Nine tonnes of ivory tusks is equivalent to over 1,000 slaughtered elephants.
All African elephants with the exception of a few populations are included in Appendix I of the Convention on International Trade in Endangered Species of Wild Fauna and Flora (CITES), a multilateral treaty in effect since 1975. Commercial international trade in Appendix I species taken from the wild is prohibited.
“While we welcome today’s ivory seizure in Vietnam, we would emphasise that without follow-up efforts resulting in prosecutions and appropriate penalties, seizures alone are no deterrent to the criminals involved in wildlife trafficking,” Mary Rice, EIA’s Executive Director, said.
EIA has been investigating the illegal wildlife trade in Vietnam for some time now, documenting how the country has fast become a transit hub for ivory and other goods travelling from the continent of Africa to elsewhere in Asia, especially China, where it is used in ornaments, jewelry and traditional medicine.
China announced a ban on all trade in ivory that went into effect at the end of 2017. But while a fall 2018 survey seemed to suggest that demand for ivory was easing up, more recent research suggests that the illegal ivory trade is still going strong in trafficking hotspots, like at the China-Vietnam border.

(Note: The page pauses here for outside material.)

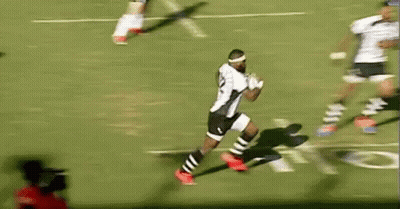 Rugby Player Running Being Tackled GIF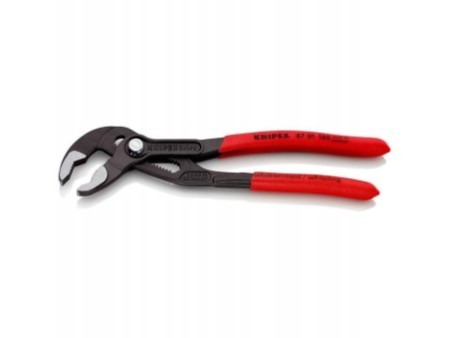 Szczypce nastawne do rur fosforanowane 180mm 87 01 180 Cobra KNIPEX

EIA authored a report last year on the Vietnamese ivory trade, “Exposing the Hydra,” the product of a two-year investigation in which researchers posed as wildlife traders in order to infiltrate the various levels of ivory trafficking syndicates.
The report found that Vietnam has grown to be a powerful figure in the global illegal ivory trade in the past decade, partnering with major organized crime groups operating in Mozambique, South Africa and elsewhere on the continent to traffic goods into and through Vietnam.
The country also has a growing carving industry, and the number of ivory goods for sale has grown sixfold and the number of carvers tenfold between 2008 and 2015.
Between 2009 and 2018, when the report was published, 56 tonnes of ivory were seized in Vietnam and an additional 20 tonnes with links to Vietnam were confiscated in other countries, the equivalent of ivory from some 11,414 elephants. The traffickers EIA followed sold ivory for between US$150 and $400 per kilogram. At those prices, the nine tonnes seized this week would fetch between $1.35 and $4.05 million.
Vietnam may have made some large seizures in the past few years, but enforcement and prosecution remain weak, according to EIA.
This does not bode well for the African elephant.
In the early 20th century there may have been as many as 3 to 5 million African elephants roaming the continent, but conservationists estimate there are now only around 415,000 left.